The speaker believes that something went wrong, that his body and mind were “reduced” by the illness, and that his “shield was cracked” in the fifth line. Even though he may regret getting HIV/AIDS, he can still reflect on that period of his life and recall the freedom, love, and happiness he felt. This is instantly contrasted with phrases like “wrecked” and “reduced,” which appear twice in this stanza. Things immediately got out of hand. 

Stanza 6 and 7

I have to change the bed,   

But catch myself instead

Stopped upright where I am   

Hugging my body to me   

As if to shield it from   

The pains that will go through me,

The couplet tells us that the speaker has to replace the bedsheets since they are so drenched in sweat. However, he doesn’t act on it straight immediately. This stanza’s second line is enjambed, and it flows into the seventh. There, the speaker reveals that he stops and gives himself a hug instead of immediately changing the linens. He acts in this way in an unconscious effort to keep it safe or insulated from hurt. 

Stanza 8 

As if hands were enough   

To hold an avalanche off.

The poem comes to an emotional and powerful close with its last two lines. His hands appeared to move as if they were “enough / To hold an avalanche off,” according to his suggestion. The use of the word “if” in these sentences tells the reader that the agony will eventually come and there is nothing he can do to stop it, regardless of how close he keeps himself. It’s a never-ending “avalanche” of suffering that won’t stop until it claims his life.  


Thom Gunn’s poem “The Man with Night Sweats” presents a striking image of facing loss and vulnerability. The speaker, who lived in “dreams of heat,” awakens to the “cold” reality of perspiration and a clinging sheet—remaining from his or her nighttime sweats—near the start of the story, creating a startling contrast. This sudden change in tone prepares the audience for a contemplation of human frailty and resilience. The paragraphs that follow paint a picture of a strong, adventurous history. The speaker’s body used to be a “shield,” growing through adversity and recuperating from wounds. Accepting “risk” encouraged resiliency and exposed “wonders” concealed in the tangible world. The melancholy undertone highlights how harsh the situation is. 

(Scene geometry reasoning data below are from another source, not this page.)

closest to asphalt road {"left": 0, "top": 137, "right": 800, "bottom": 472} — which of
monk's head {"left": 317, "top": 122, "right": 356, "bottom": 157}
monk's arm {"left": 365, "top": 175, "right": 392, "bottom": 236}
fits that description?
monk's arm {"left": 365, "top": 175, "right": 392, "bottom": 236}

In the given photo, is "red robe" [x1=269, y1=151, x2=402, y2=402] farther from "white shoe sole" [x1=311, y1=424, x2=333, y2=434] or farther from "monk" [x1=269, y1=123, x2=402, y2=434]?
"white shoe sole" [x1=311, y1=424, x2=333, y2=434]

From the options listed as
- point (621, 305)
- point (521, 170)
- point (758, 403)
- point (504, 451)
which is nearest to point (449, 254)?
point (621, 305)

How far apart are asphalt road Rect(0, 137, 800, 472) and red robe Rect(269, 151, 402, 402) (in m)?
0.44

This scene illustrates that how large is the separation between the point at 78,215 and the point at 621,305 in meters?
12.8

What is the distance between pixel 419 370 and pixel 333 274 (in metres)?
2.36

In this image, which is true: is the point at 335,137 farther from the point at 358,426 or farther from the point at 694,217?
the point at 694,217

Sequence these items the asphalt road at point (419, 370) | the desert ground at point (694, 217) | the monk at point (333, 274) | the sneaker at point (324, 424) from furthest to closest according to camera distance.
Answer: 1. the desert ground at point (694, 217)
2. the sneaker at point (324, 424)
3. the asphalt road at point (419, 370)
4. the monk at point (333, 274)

The sixth stanza marks the change. Once impregnable, the shield has now “cracked.” Thoughts are “reduced to hurry,” body is “reduced and wrecked.” This alludes to a medical condition that was potentially fatal at the time the poem was written—AIDS. It’s obvious how afraid and vulnerable the speaker is. The various emotions at play are encapsulated in the closing lines. The speaker’s body protests, even though they acknowledge that changing the bed is a realistic task. Their body is weak and they find themselves holding it in an attempt to protect it from the “pains” that are coming. The last scene, in which they are seen attempting to stop an “avalanche” with their bare hands, highlights how dire their circumstances are and how tragically aware they are of their impending death.

To sum up, “The Man with Night Sweats” is a compelling examination of disease, susceptibility, and how people cope with loss. The poem skillfully conveys the speaker’s journey from former resilience to present fragility through contrasting imagery and symbolism. The struggle to accept one’s physical limitations and the unavoidable passage of time is highlighted in the concluding lyrics, which leave a lasting effect.